The National Weather Service issued a flood watch from this afternoon through Sunday afternoon. Moderate to heavy rain is expected while temperatures spike above 40 degrees and as high as the low 50s.
Rainfall amounts are expected to range from as much as an inch in the Capital Region and to the north and west to as much as 2 inches to the south and east.
The makeup of the unique dams, built in the early 1900s, enables the Canal Corp. to pull them out of the water during the winter to allow for normal flow in the Mohawk River.
They are made up of 2-foot-wide “uprights” which are raised and lowered using chains hooked to them. Once lowered into “shoes” at the river’s floor, two large rectangular “pans” of steel slide along the uprights as they are lowered into
position during the summer to maintain reservoirs suitable for navigation.
The Canal Corp. lifted the retractable dams out of the water by late December, but crews had to wait to retract the Lock 9 dam because contractors needed water to hold up barges working on Lock 10 in Cranesville to the west.
Further prolonging the Lock 9 retractable dam’s removal was an ongoing bridge-painting project being coordinated by the state Department of Transportation.
When crews began to lift the uprights and dams at Lock 9, the chains that connect to two upright structures snapped, leaving the Canal Corp. unable to move them.

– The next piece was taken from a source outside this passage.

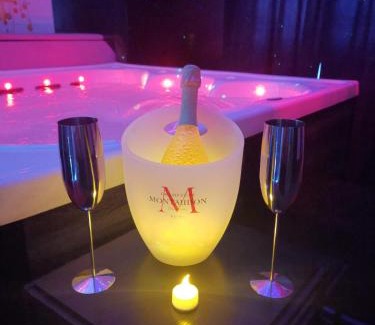 Sainte-Genevieve Bed & Breakfast | Love Room Lili Bulle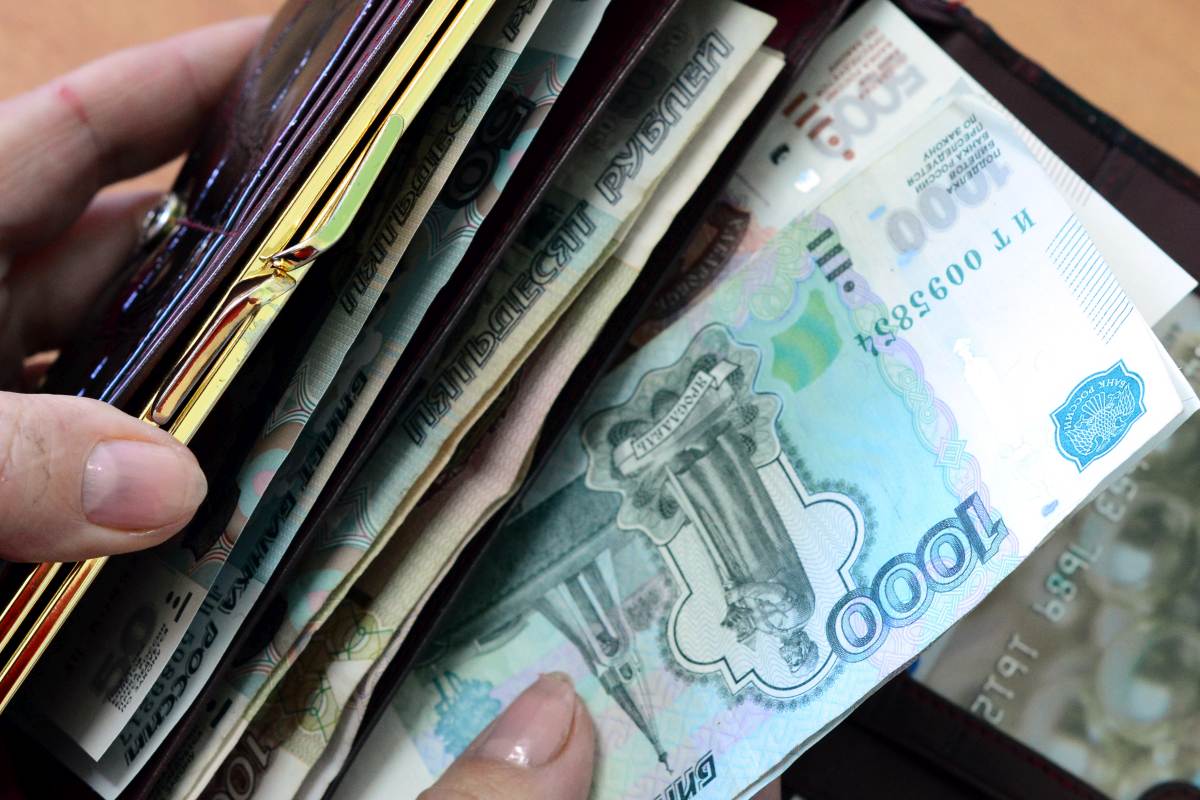 Россияне смогут получить декабрьскую зарплату раньше обычного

Contractors could refit the chains and get them working, but they’d have to go into the frigid river that’s flowing beneath more than a foot of ice, a life-risking process.
So for now, the Canal Corp. has to wait until conditions improve enough for somebody to make the repairs.
With two uprights immobile, ice in the river could get caught. But the river at Lock 9, which includes a bridge carrying state Route 103, is about 300 feet wide, so engineers are not expecting the situation to impede the flow of ice.